Se poi è vero che “l’Italia è lontana dal centro della scena e degli interessi globalizzati”, ogni tentativo di discutere dello stato della cultura in Italia, per quanto parziale e controverso possa essere, dovrebbe teoricamente costituire comunque un passo in avanti per porre rimedio a questo stato di cose. D’altronde sono convinto che molti narratori e saggisti italiani in questi anni abbiano dato in più occasioni ottima prova di sé con una produzione che non ha nulla da invidiare a quella di altri paesi.
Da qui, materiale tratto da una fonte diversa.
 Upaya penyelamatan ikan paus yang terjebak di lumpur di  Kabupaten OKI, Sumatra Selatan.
La “Dichiarazione internazionale degli editori indipendenti per la protezione e la promozione della bibliodiversità” risale al 2007 e si può leggere qui (in italiano qui). E’ firmata dall’Alliance internationale des éditeurs indipéndents, alla quale aderisce la Federazione italiana degli editori indipendenti (attualmente 146 soci, quasi tutti davvero molto piccoli – non ci sono, per dire, né Laterza né minimum fax).
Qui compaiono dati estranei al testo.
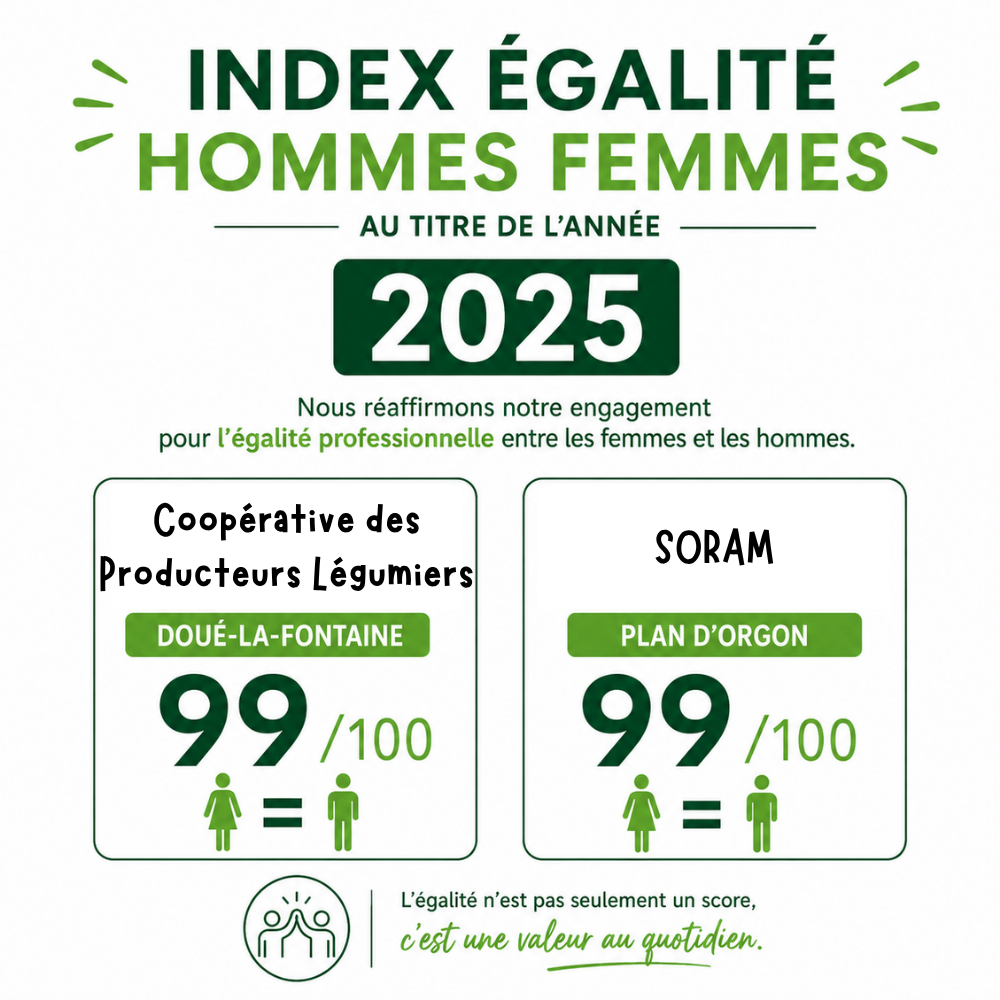 Index Egalité H/F 2025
L’intervento di Carbone è molto interessante (e divertente: cosa rarissima in tutto questo parlarsi addosso dei TQ…). Noto tuttavia che la sua prospettiva è più editoriale, mentre a quel che so il nucleo fondativo di TQ stesse elucubrando anche di scrittura e di peso generazionale all’interno della “futura” storia della letteratura italiana.. Senza dubbio, il versante editoriale è quello con più ciccia al fuoco: e meriterebbe approfondimenti. Sono invece in totale disaccordo con le posizioni di Carbone su eventuali provvedimenti contro le concentrazioni etc… Esistono già regole antitrust. Pensare di andare da un’azienda e togliere dei rami di business (Mondadori, Rcs, Feltrinelli) è piuttosto delirante… In realtà, anche nell’economia i grandi dinosauri evolvono e di estinguono: basta essere pronti con nuove specie, più aggressive, per prendere il loro posto. L’esproprio proletario è roba vecchia, oltre che un reato.
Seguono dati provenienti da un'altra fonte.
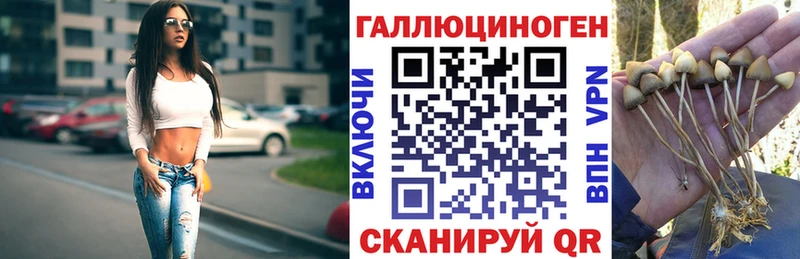 Галлюциногенные грибы ЛСД Купить где Электрогорск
Mi risulta che in effetti negli ultimi anni l’autorità antitrust ha dovuto pronunciarsi in più occasioni sullo stato del mercato editoriale, e basandosi sulle regole attualmente in vigore ha ritenuto di dare il suo via libera. L’ultimo esempio in data è quello di Edigita, piattaforma di distribuzione per l’editoria digitale il cui azionariato è equamente ripartito tra Effe 2005 (Feltrinelli, PDE promozione e distribuzione), Messaggerie Italiane (Gruppo Editoriale Mauri Spagnol, Messaggerie Libri) e RCS Libri. Tutto perfettamente legale. Dunque, a mio sommesso avviso, bisognerebbe cambiare alcuni aspetti della legge. Ora, voler cambiare una legge e a tal fine promuovere una libera discussione non mi pare in sé un proposito delirante, ovvero, per meglio attenersi al registro linguistico della politica, sedizioso o eversivo, o comunque comparabile all’esproprio proletario, tanto più se si tratta di contenere la sfrenatezza neoliberista in direzione sostanzialmente liberale classica – non mi pare cioè di aver proposto la nazionalizzazione dell’editoria (cosa che, lo preciso a scanso di facili equivoci, mi farebbe ribrezzo) – bensì un intento schiettamente politico, riconducibile alla democrazia parlamentare più tradizionale. Certo, ammetto che nel nostro paese mantenersi entro i canoni della democrazia parlamentare e ragionare nel merito sui problemi reali possa produrre per contrasto un effetto delirante. Mi pare comunque che, dati i recenti risultati elettorali, gridare al comunista a ogni richiesta di garanzie minime di equità stia diventando démodé, o che in ogni caso come stratagemma stia perdendo smalto.